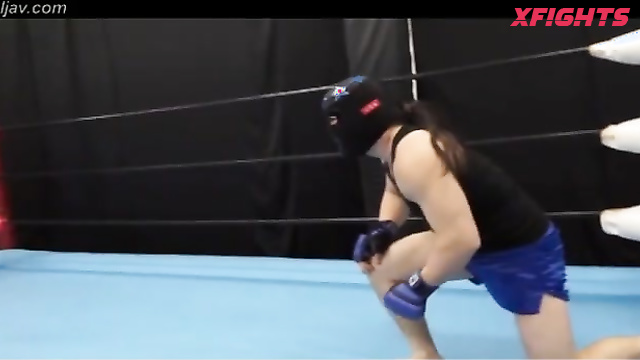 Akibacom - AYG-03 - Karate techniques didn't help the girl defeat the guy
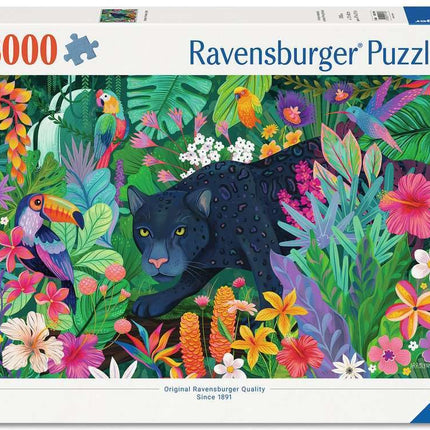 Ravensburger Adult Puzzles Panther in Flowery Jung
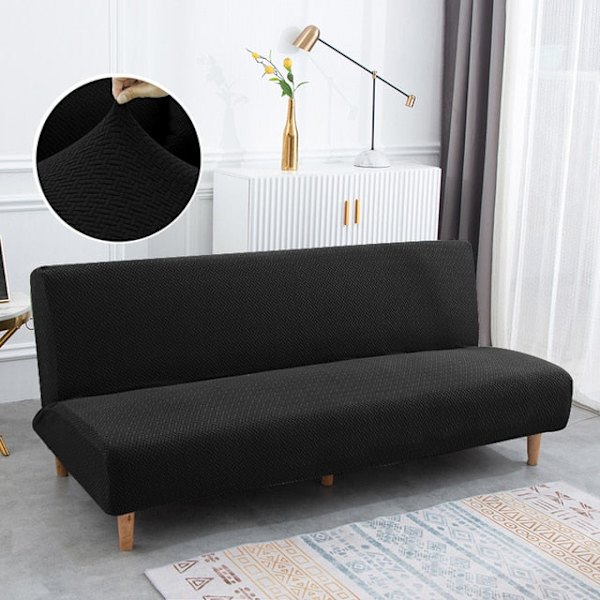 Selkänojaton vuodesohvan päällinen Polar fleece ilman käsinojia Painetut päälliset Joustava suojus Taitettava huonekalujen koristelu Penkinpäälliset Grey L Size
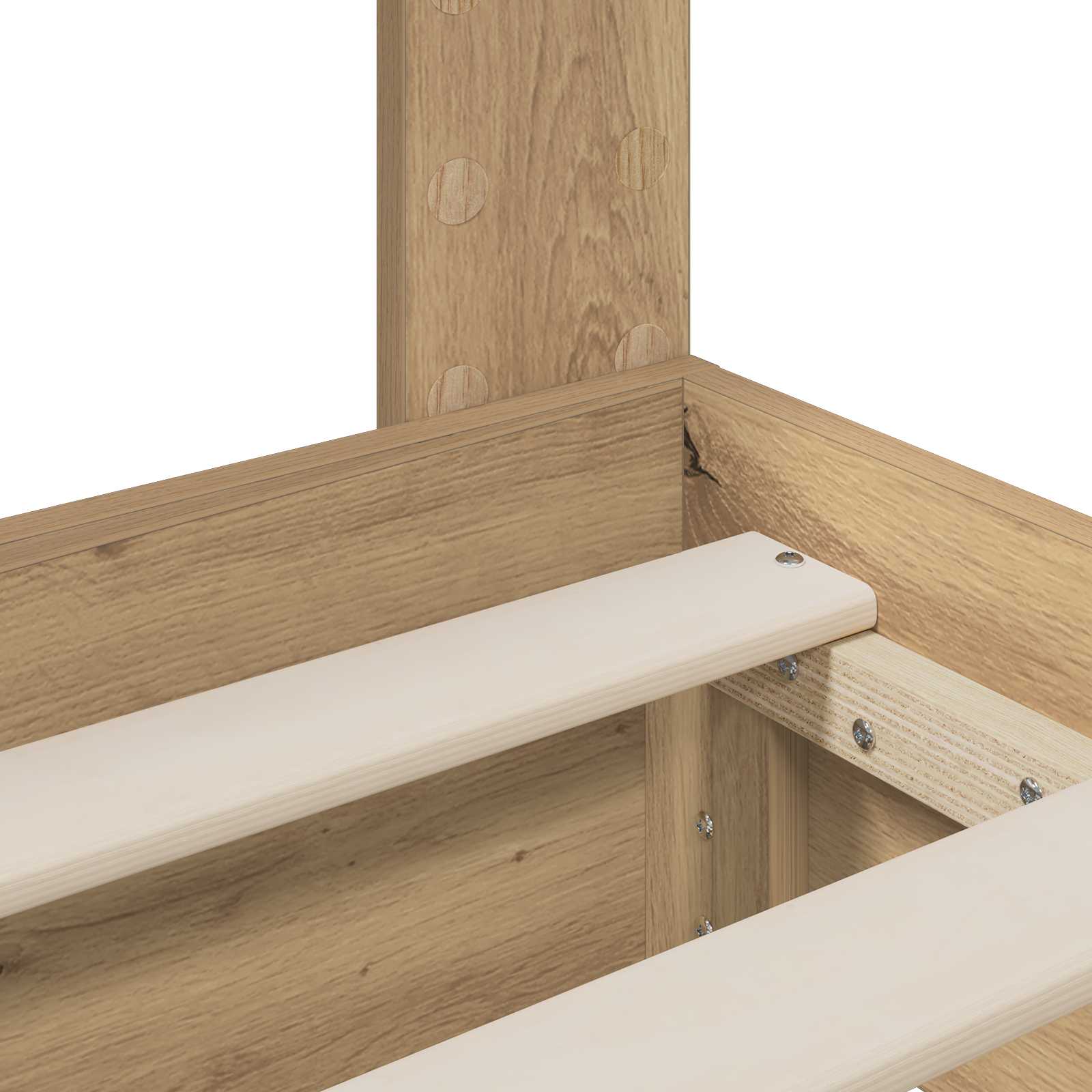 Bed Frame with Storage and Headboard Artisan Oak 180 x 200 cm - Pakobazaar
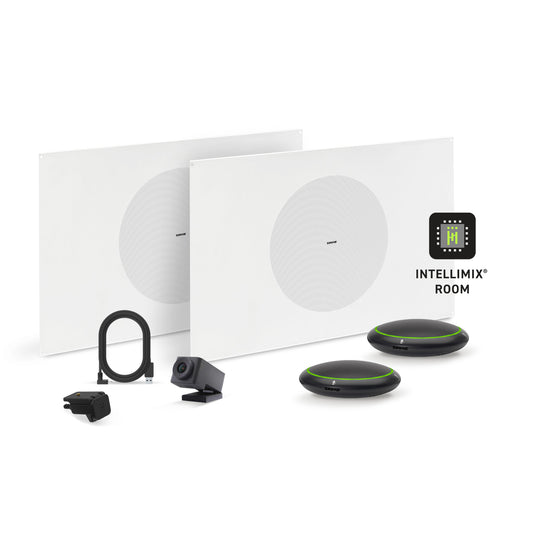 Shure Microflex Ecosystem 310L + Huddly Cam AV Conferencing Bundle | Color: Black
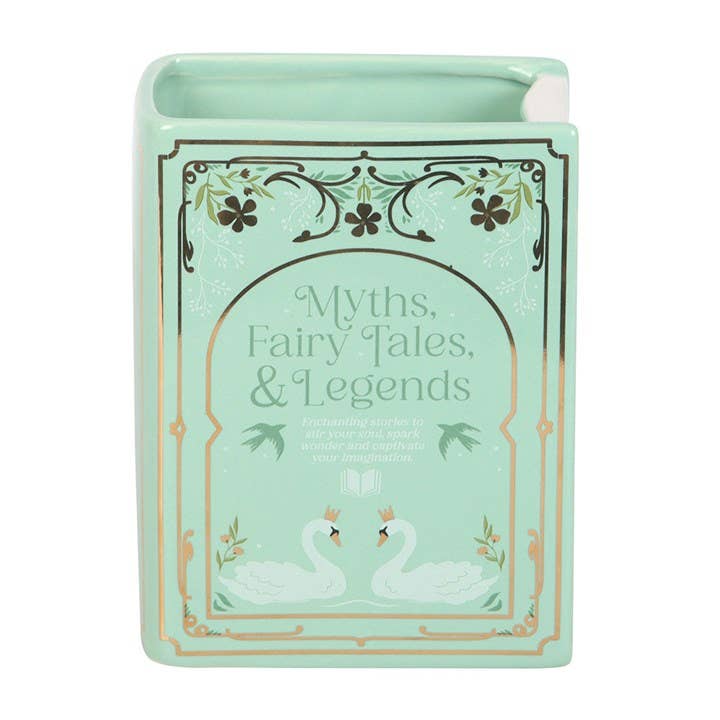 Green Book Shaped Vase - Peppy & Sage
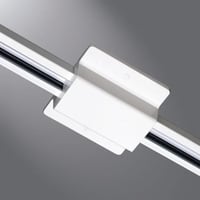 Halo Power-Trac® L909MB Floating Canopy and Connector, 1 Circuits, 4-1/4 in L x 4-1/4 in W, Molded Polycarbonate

---

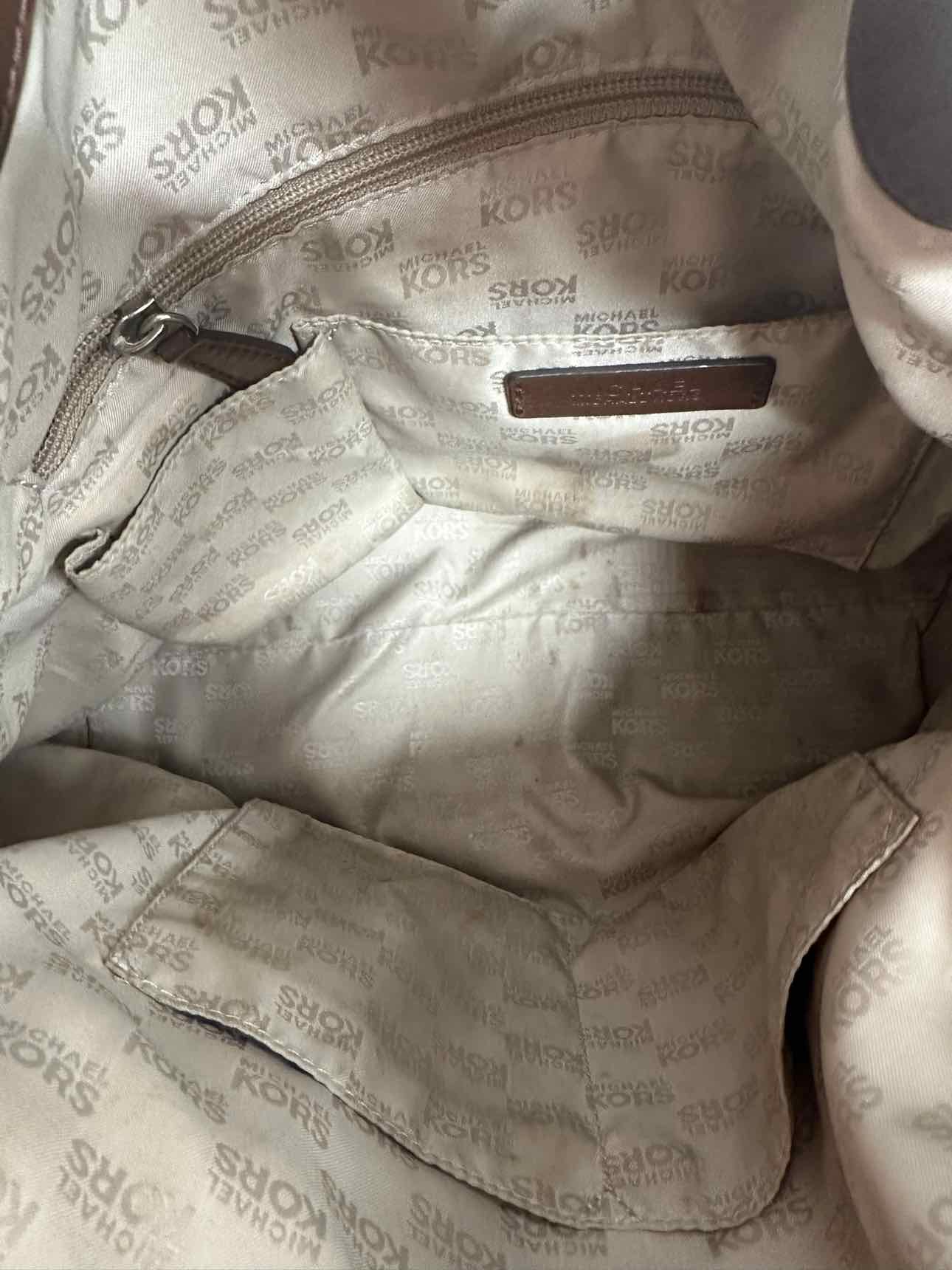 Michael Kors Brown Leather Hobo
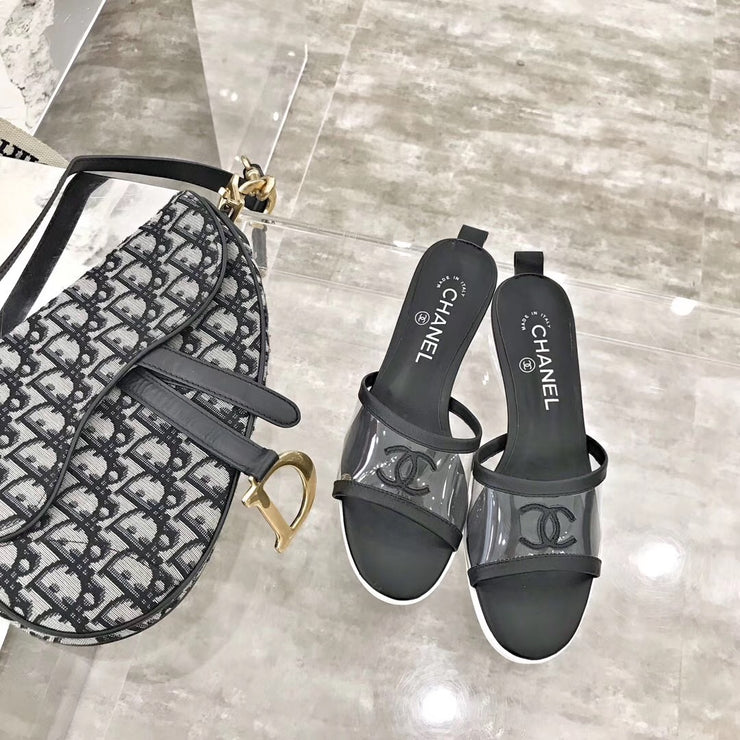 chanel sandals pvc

* * *

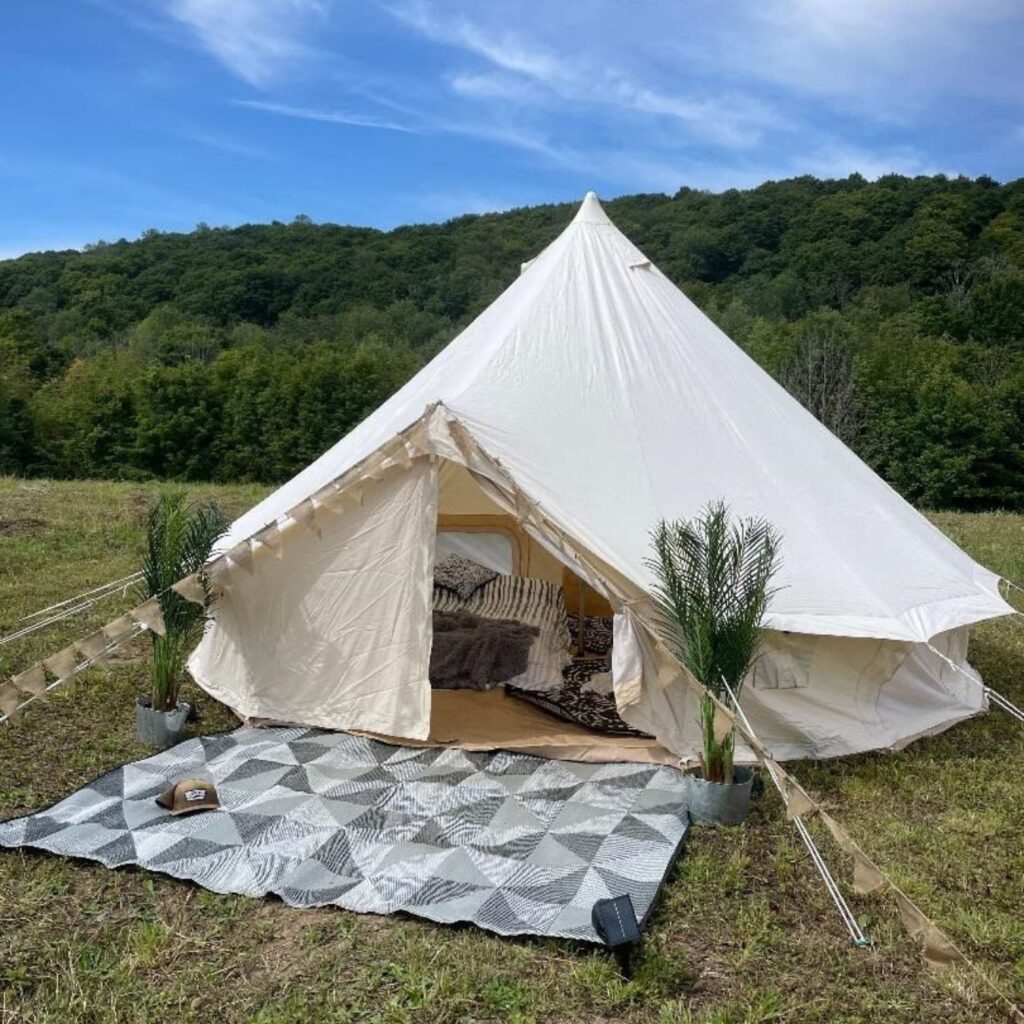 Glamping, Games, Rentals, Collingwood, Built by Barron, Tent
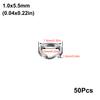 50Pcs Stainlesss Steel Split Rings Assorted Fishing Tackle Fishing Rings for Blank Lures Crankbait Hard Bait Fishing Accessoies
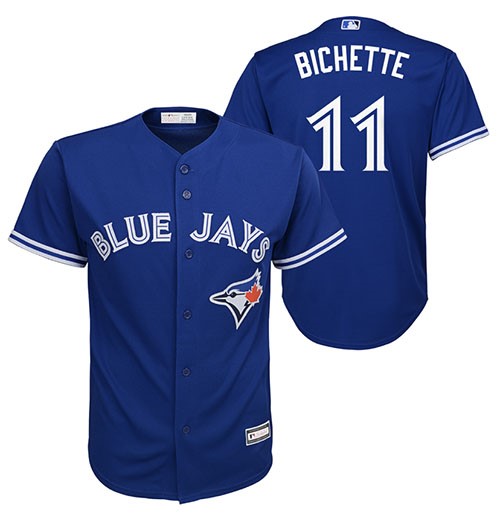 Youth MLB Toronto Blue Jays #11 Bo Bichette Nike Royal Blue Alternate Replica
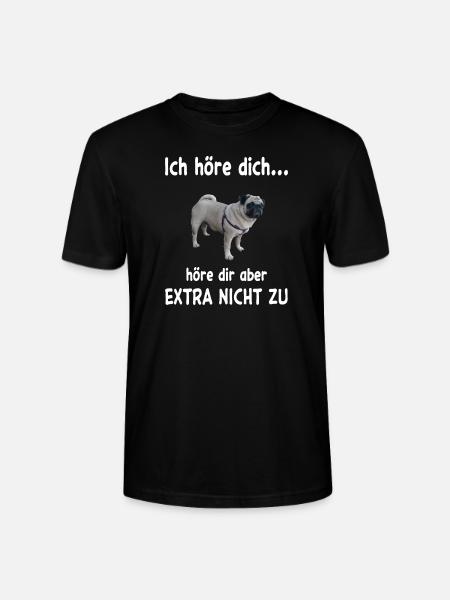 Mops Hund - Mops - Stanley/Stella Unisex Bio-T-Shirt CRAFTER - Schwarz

▸ Work item: Reproduce the data above exactly, but only from the line containing "Youth MLB Toronto" through the line containing "Mops Hund - Mops". Omit all pictures.

▸ Answer below:
 Youth MLB Toronto Blue Jays #11 Bo Bichette Nike Royal Blue Alternate Replica
 Mops Hund - Mops - Stanley/Stella Unisex Bio-T-Shirt CRAFTER - Schwarz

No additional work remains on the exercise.